Options for enabling Unicode in Mozilla for Windows

Mozilla is available for all versions of Windows from Windows 95 onwards.

Fonts

Mozilla automatically chooses fonts for most Unicode ranges and writing systems, but for some encodings you can specify the font that you want Mozilla to use. The lists of fonts are restricted to those that support the chosen encoding. You can set a different font for each writing system, for example Tahoma for Western, MS Gothic for Japanese, and Aisa Unicode for Greek.

  1. On the File menu, select “Preferences...”
  2. In the Preferences dialog box, select “Fonts” (in the Appearance category).
  3. Click the black down arrow to the right of “Fonts for:” and select an encoding from the drop-down list.
  4. Click the black down arrow to the right of “Proportional:” and select either serif or sans-serif.
  5. Depending on your selection for Proportional, click the black down arrow to the right of either “Serif:” or “Sans Serif:” and select a suitable font.
  6. Optionally, choose fonts for other font styles.
  7. Optionally, choose font sizes for Proportional and Monospace.
  8. Repeat steps 3–7 for each encoding that you want to use.
  9. Click the “OK” button to close the Preferences dialog box.

Mozilla screen shot

Encodings

From Character Coding on the View menu, you can select an alternative such as Unicode (UTF-8 or UTF-7) or a specific language.

Mozilla screen shot.

To set the default encoding, which will be used to display Web pages that do not specify an encoding:

  1. On the File menu, select “Preferences...”.
  2. In the Preferences dialog box, click “Languages” in the Navigator category.
  3. In the Character Coding area, click the black down arrow and select an encoding.
  4. Click the “OK” button to close the Preferences dialog box.

Unicode Features and Limitations

Mozilla can use characters from several Unicode ranges to display a single Web page, and appears to be able to interrogate the operating system to identify fonts that include characters from any required Unicode range.

Mozilla can display all of the HTML 4.0 character entity references. It can also display numeric character references, such as those used in the Unicode test pages, independently of the document’s character encoding.
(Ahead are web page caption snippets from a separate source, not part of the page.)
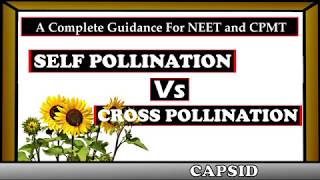 Self Pollination Vs Cross Pollination  Reproduction in plants [upl. by Hallimaj]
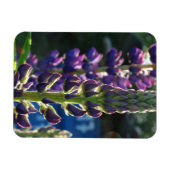 Purpurblumen Foto Magnet (Horizontal)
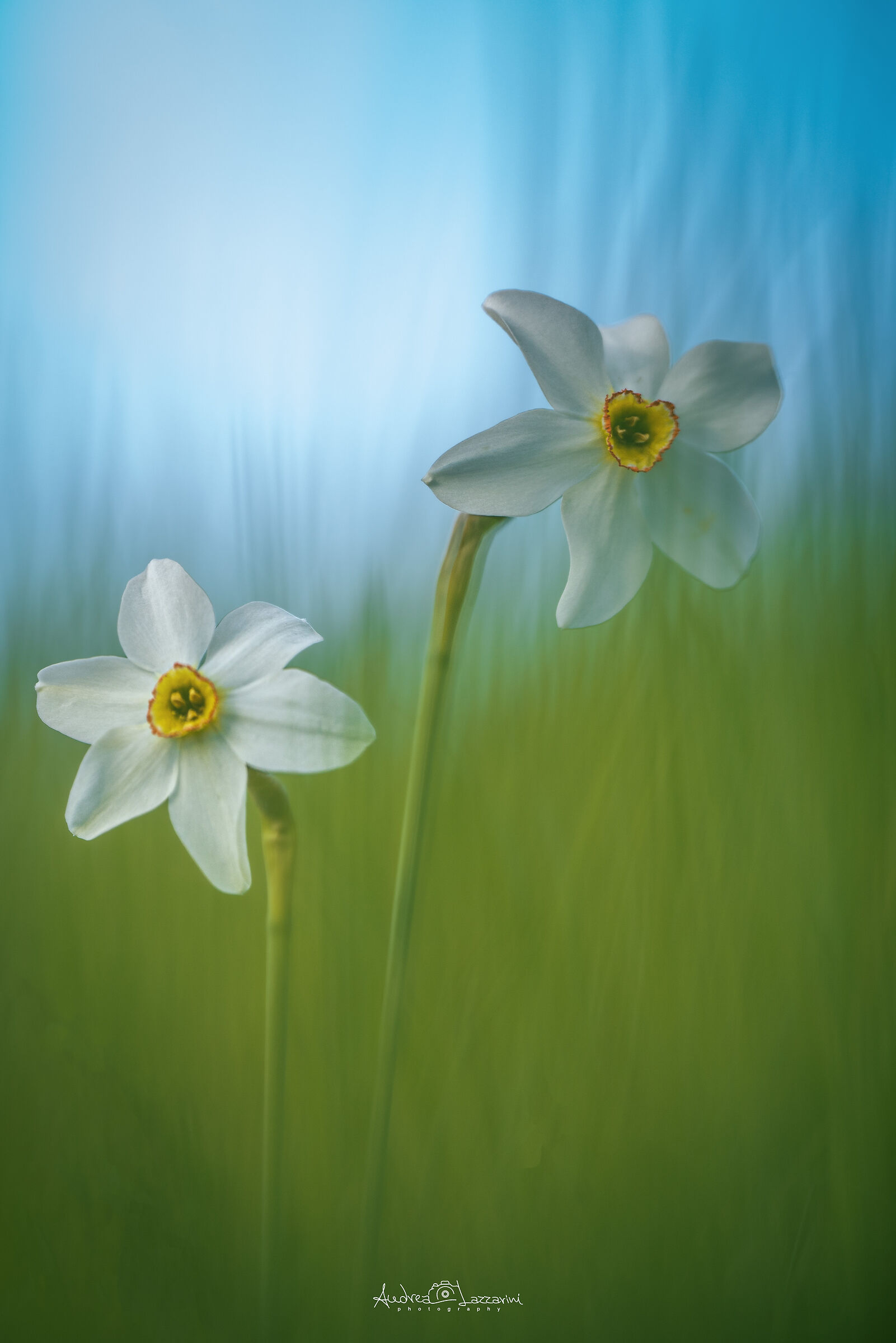 Dancing Narcissus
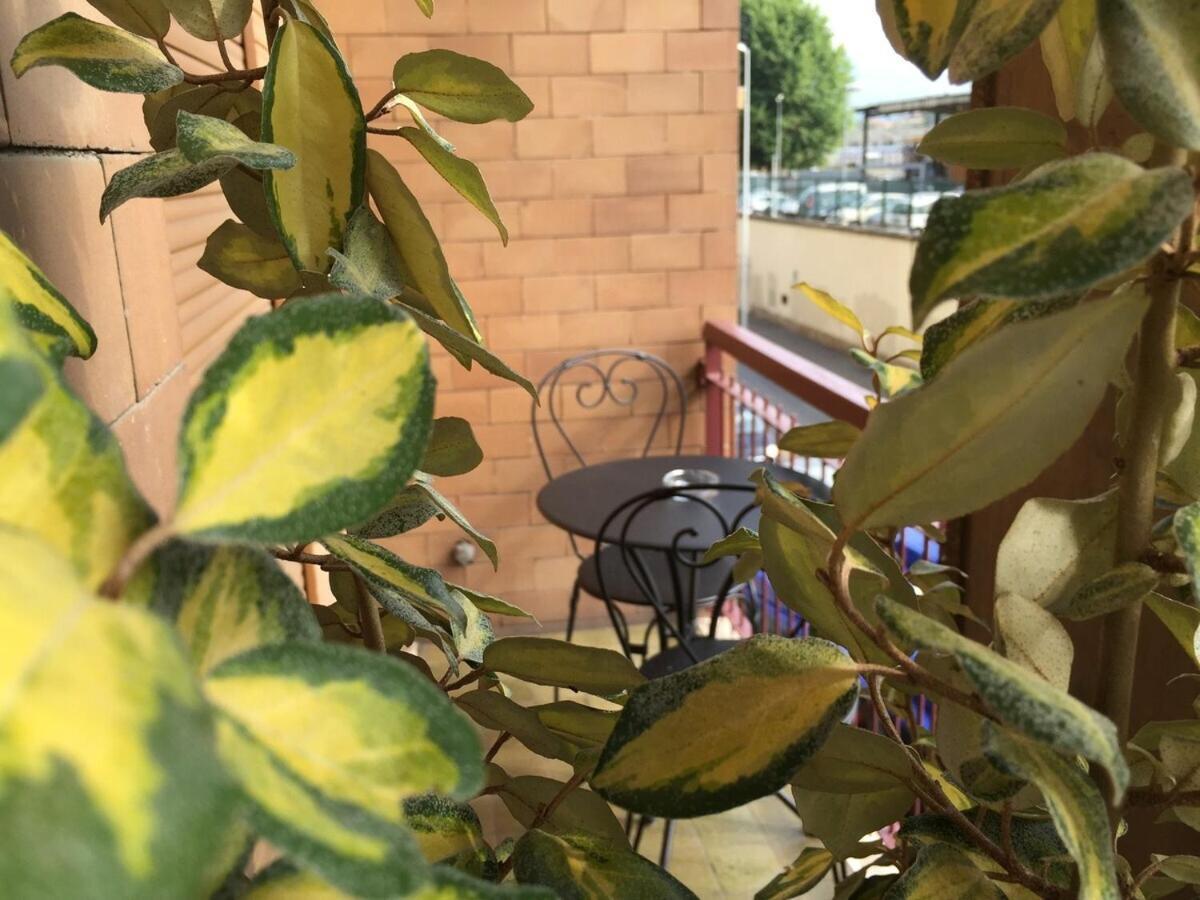 Double Room with Private Bathroom,1742947623:JPEG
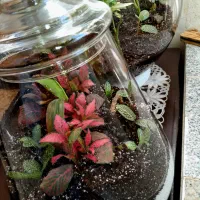 تراریوم گل  گلدان شیشه ای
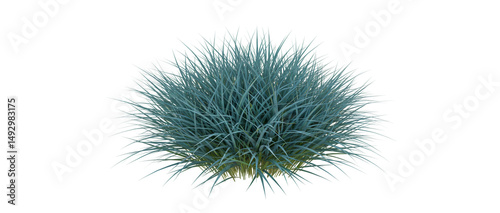 Lush blue fescue grass isolated on white background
It can also display hexadecimal character references.

Mozilla does not implement any alternative encoding (character coding) that you select from the View menu if the page has a charset specified in a meta tag.

Availability

Mozilla for Windows 95, Windows 98, Windows ME, Windows NT4, Windows 2000 and Windows XP can be downloaded from the Releases - Mozilla page.

The Composer HTML editor is included, which can save documents in a wide range of encodings (including UTF-8), and supports Microsoft’s Visual Keyboards and Global IME.